Buyers spend 75% of their time thinking about getting a property at a good price. The remaining 25% of their time they spend thinking about getting a "great rate" on their loan though they don't really know what a great rate. Rate shopping is easy in theory, harder in practice.

Credit

Credit scoring a good thing that generally works--people with good scores have generally earned them and people with bad scores have generally earned those as well. Anyone who says "I don't deserve my low score" is usually either lying or foolish. The one big exception to this is mistakes made by credit bureaus when entering data. For example, Tom Jones of Seattle has great credit while Tom Jones of Tacoma who has poor credit and the one with the good credit may be harmed due to confusion with the one with the bad credit. Such confusion can almost always be resolved quickly though not as always a quickly as you'd think (credit bureaus are bureaucratic and not every dispute is legitimate).

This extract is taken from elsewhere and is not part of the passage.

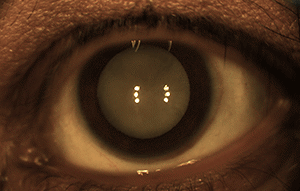 Der graue Star ist eine Linsentrübung im Auge, die zu einem Sehverlust führt.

So, excepting credit bureaus mistakes and internal screw-ups, credit scoring works.

Loan Process

Home loans are made on the basis of four main criteria:

  • Income
  • Credit Score
  • Debt
  • Cash

Income is monthly gross household income (yes gross income not net income where gross means before taxes and any other deductions). Household income is the total income that is earned by all borrowers meaning that if a husband and wife are getting a loan together then both his and her income will be included.

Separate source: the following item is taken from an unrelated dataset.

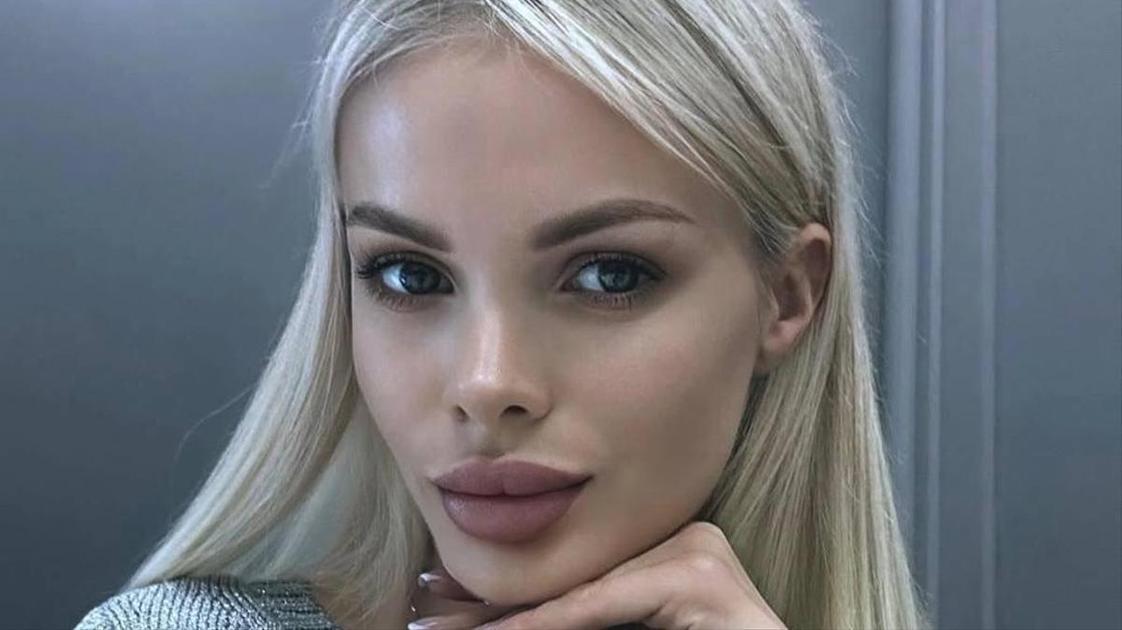 Зверски избитая Тартанова помирилась с возлюбленным, который изувечил ее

Credit score is the middle score of the three bureau report. So if one score is 720, another is 715 and the third is 710 then the 715 score will be used. If there are two borrowers (i.e., husband and wife) then the lower of the two middle scores is used.

Debt is all monthly debt which would include the monthly amounts of the following:

  • principal-and-interest for the new loan
  • property taxes
  • hazard insurace
  • auto loans
  • student loans
  • revolving debt (credit cards)
  • installment loans

Adding all of these payments up will lead to a figure for total monthly debt and this number is used to establish a debt-to-income ratio. So, if a household makes $8,000 per month and debt is $3,200 per month then the DTI (debt-to-income ratio) would be 40%. A DTI of 40% or less is preferred because it makes it more likely that borrowers can service that debt. And remember that these are figured on gross, not net, amounts. The monthly debt should not exceed 60% of actual take-home pay after everything has been deducted because food, gas, utilities have to be paid out of the money remaining.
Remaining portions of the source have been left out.